**Your goal:**
Write back, word for word, the lines from the one containing "Close up of" to the end of the listing below. Include nothing else, and no pictures.

**Input records:**
________________________
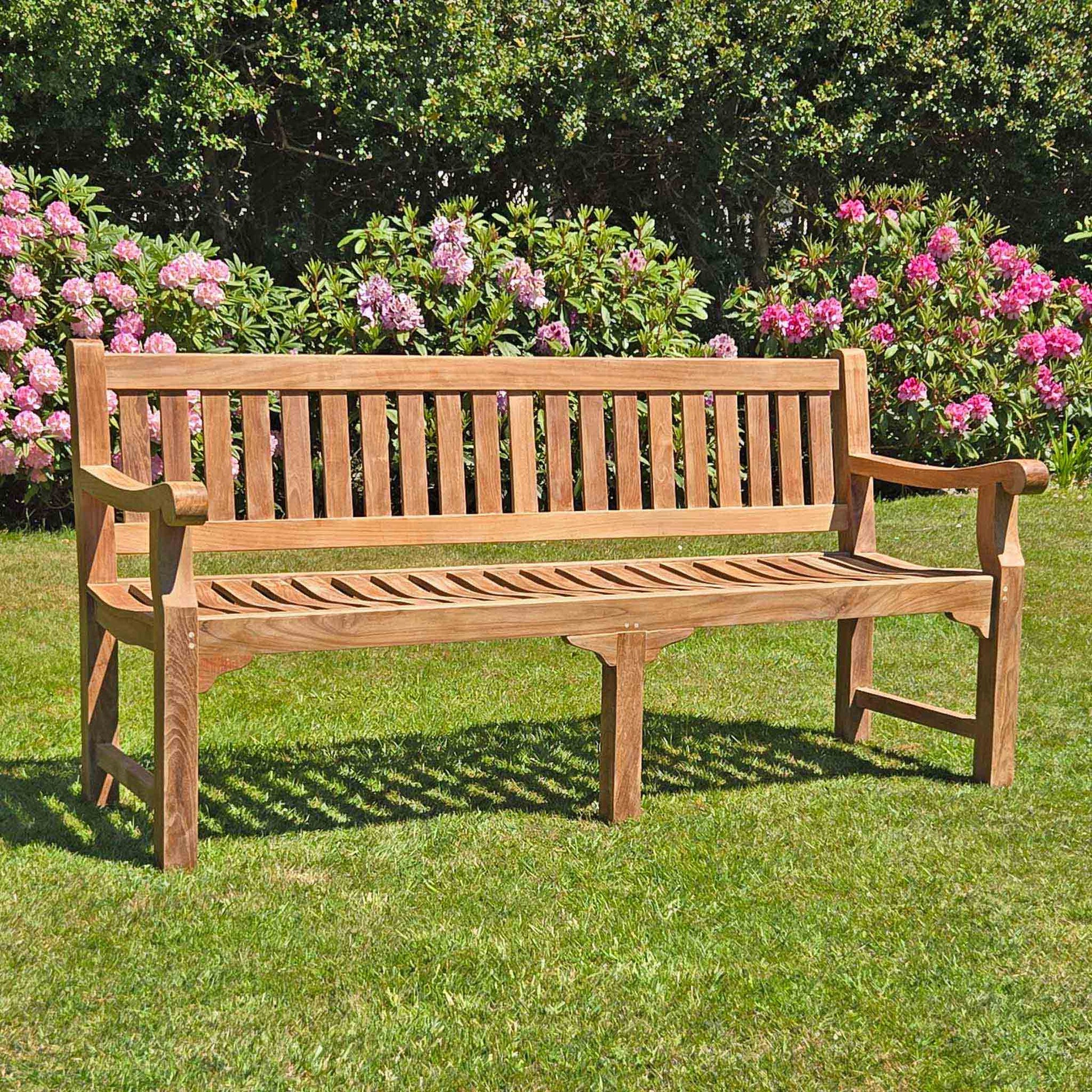 large 4 seat teak garden bench, Sandhurst, with scroll arms in a garden setting 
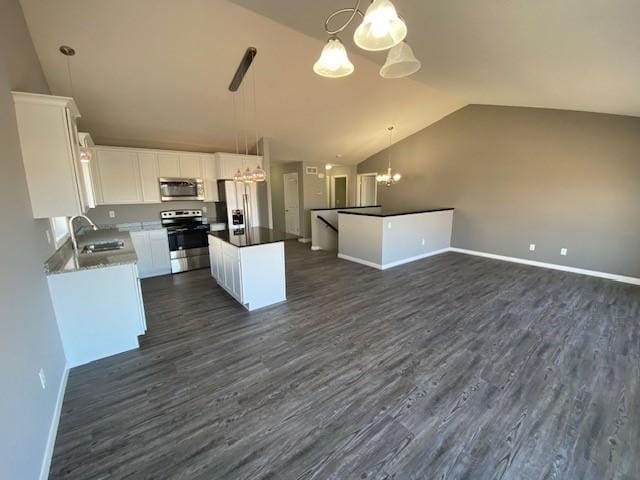 kitchen featuring appliances with stainless steel finishes, an inviting chandelier, a kitchen island, vaulted ceiling, and decorative light fixtures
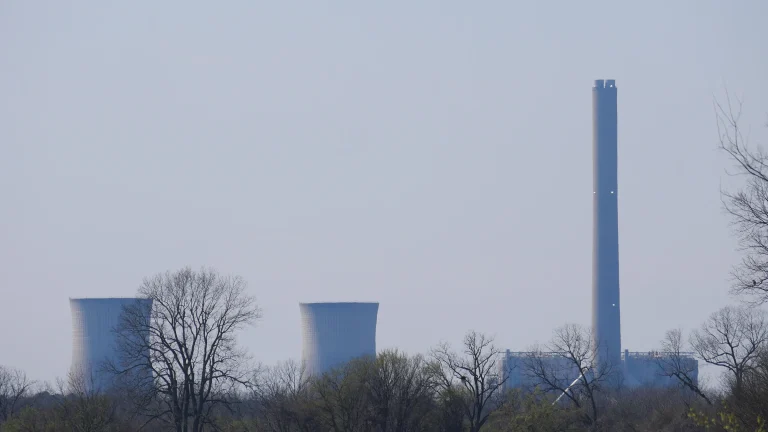 The cooling towers and tall smokestack of Entergy Arkansas's White Bluff power plant in the haze beyond bare trees.
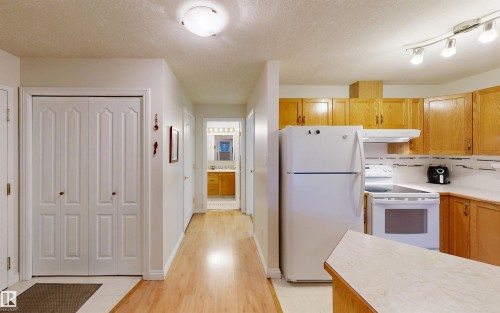 The kitchen features light wood cabinetry, white appliances, and a white tiled backsplash - 31 9914 80 Avenue, Edmonton, AB - Indoor Photo Showing Kitchen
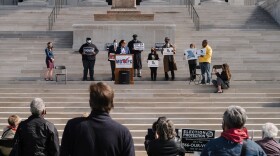 A crowd attends a rally as part of the 2021 Missouri Voting Rights Lobby Day at the state Capitol in Jefferson City, Mo., on March 31. The Republican-led House approved a bill that would impose strict photo ID and other requirements on voting.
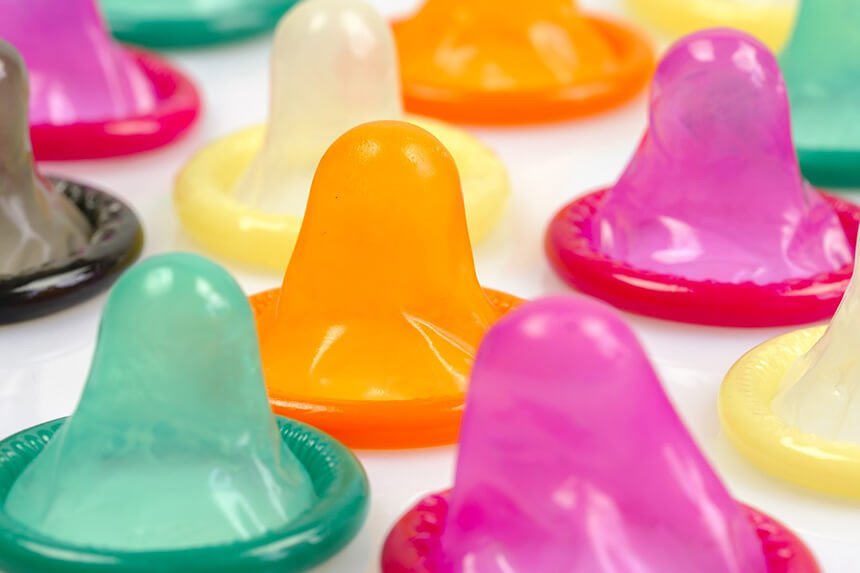 varios preservativos coloridos sobre uma superficie branca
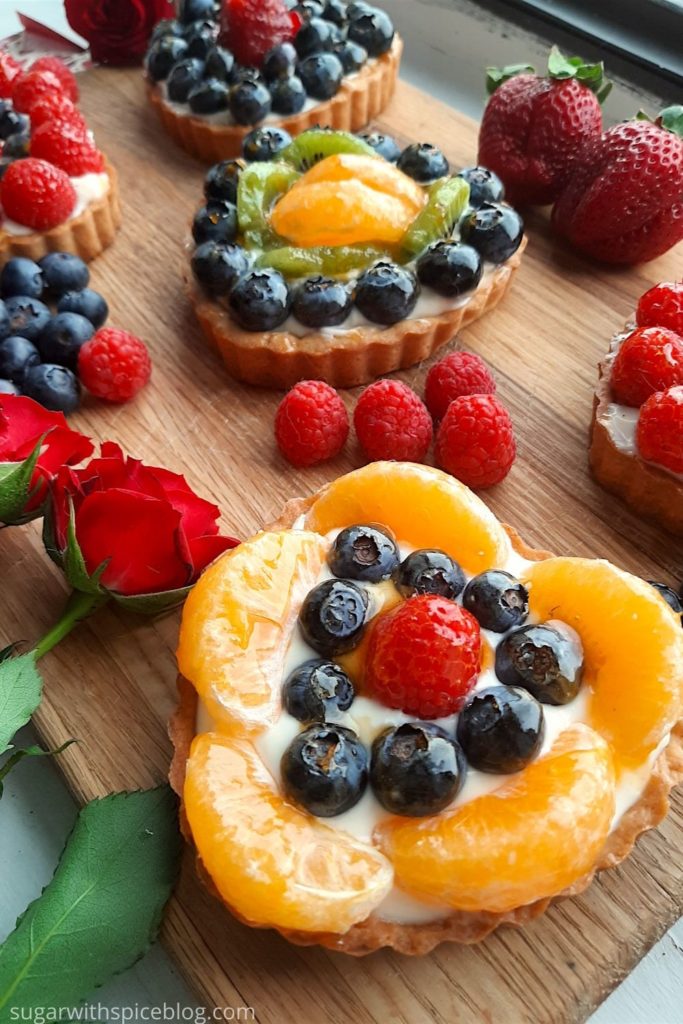 Close up of on mini heart-shaped fruit tart. 5 Mini heart-shaped fruit tarts with pastry crust, cream cheese filling, and assorted glazed fruit on top. On a wooden cutting board with long stem red roses, raspberries, and blueberries scattered around. Sugar with Spice Blog easy mini fruit tarts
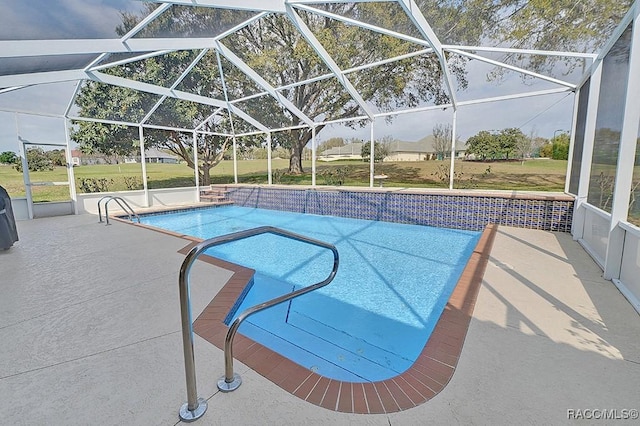 pool featuring glass enclosure, a lawn, and a patio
________________________
**Solution to this task:**
 Close up of on mini heart-shaped fruit tart. 5 Mini heart-shaped fruit tarts with pastry crust, cream cheese filling, and assorted glazed fruit on top. On a wooden cutting board with long stem red roses, raspberries, and blueberries scattered around. Sugar with Spice Blog easy mini fruit tarts
 pool featuring glass enclosure, a lawn, and a patio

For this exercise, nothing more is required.